E’ ciò che Narciso non ha fatto: ciò che lo blocca nel mito rendendolo una figura senza spessore, apparentemente sordo ma, in realtà, frastornato dal “rumore di un altro” che non vuol sentire.

E quante Eco (femmine e maschi)  inascoltate e sbraitanti capita di vedere nei paraggi di Narcisi (femmine e maschi) sordi e assordati.

Il “carattere” (anche il character inteso come personaggio e ruolo) è qualcosa che viene costellato: estratto come si estrae una costellazione dal cielo. Guardiamo verso l’alto o verso “l’altro” e vediamo una sorta di caos stellato. E, come dice Von Foerster definendo il disordine: “Se si percepisce poco o nessun ordine in un sistema la descrizione del sistema risulterà lunga”; detestiamo il disordine perché ci mette ansia e adoriamo le descrizioni brevi e proviamo ad estrarre un disegno/costelliamo/mettiamo lì immagini che ci servono per orientarci.

Il carattere, il nostro e quello degli altri è composto, innanzitutto, da desiderio che va incanalato, lasciato scorrere, fermato; a volte contenuto, a volte liberato.

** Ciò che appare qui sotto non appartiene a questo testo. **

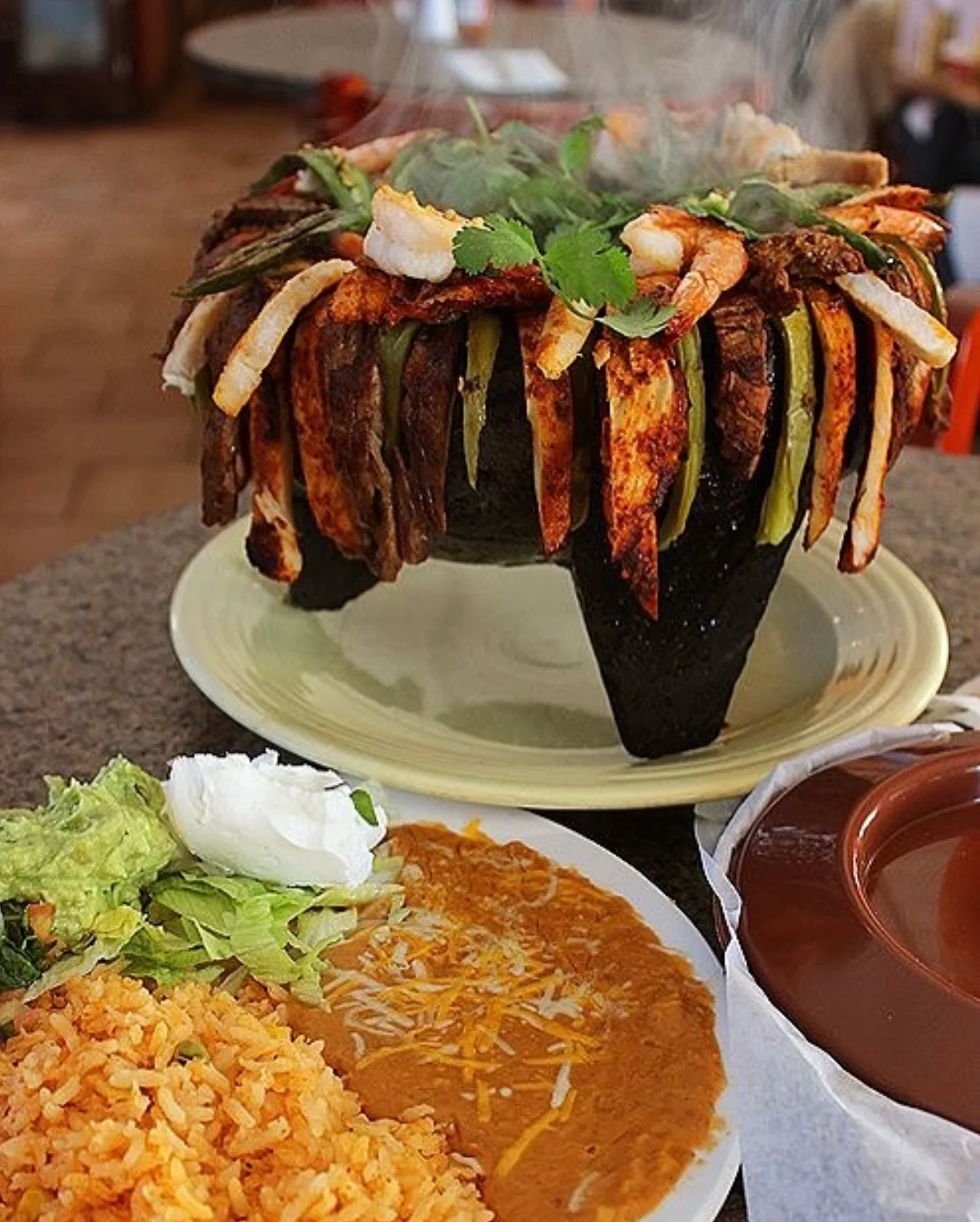Sizzling Mexican fajitas served in a molcajete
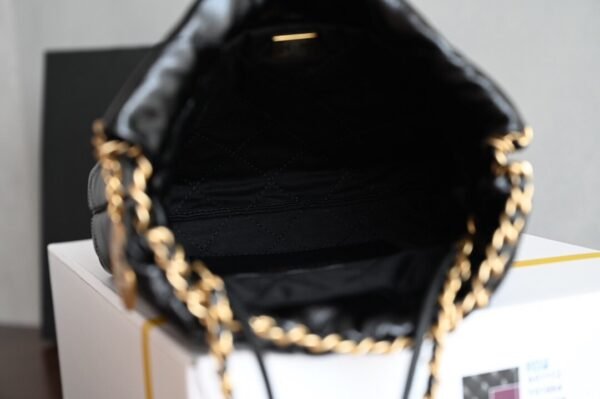 CHANEL 22 MINI HANDBAG Shiny Calfskin & Gold-Tone Metal Pearl chain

Altri caratteri ci girano intorno, raccontano le loro storie, chiedono la nostra attenzione, occupano il nostro spazio o “stanno lì vicino”. Considerare, essere considerati, considerare la considerazione che vorremmo… questo, insieme al desiderio, compone gran parte di ciò che siamo. non solo la nostra immagine ma molto di ciò che le sta attorno e che le dà spessore.

Dice ancora Recalcati : “Il desiderio umano oscilla strutturalmente tra il desiderio dell’Altro e il desiderio di avere un desiderio proprio senza che sia possibile decidere risolutamente per l’uno o per l’altro.”

E’ su questa oscillazione che bisognerebbe riflettere; su questo stare fra sé e l’altro e su questo non poter scegliere decidendo.
Decidere è, infatti, tagliare: compiere un gesto rumoroso e violento che traccia un confine e segna una differenza. Ci sono volte in cui va compiuto e serve per creare una distanza e per stabilire una separazione e un’indipendenza. E ci sono volte in cui va fermato perché bisogna considerare l’altro: protendersi, ascoltare, fare silenzio.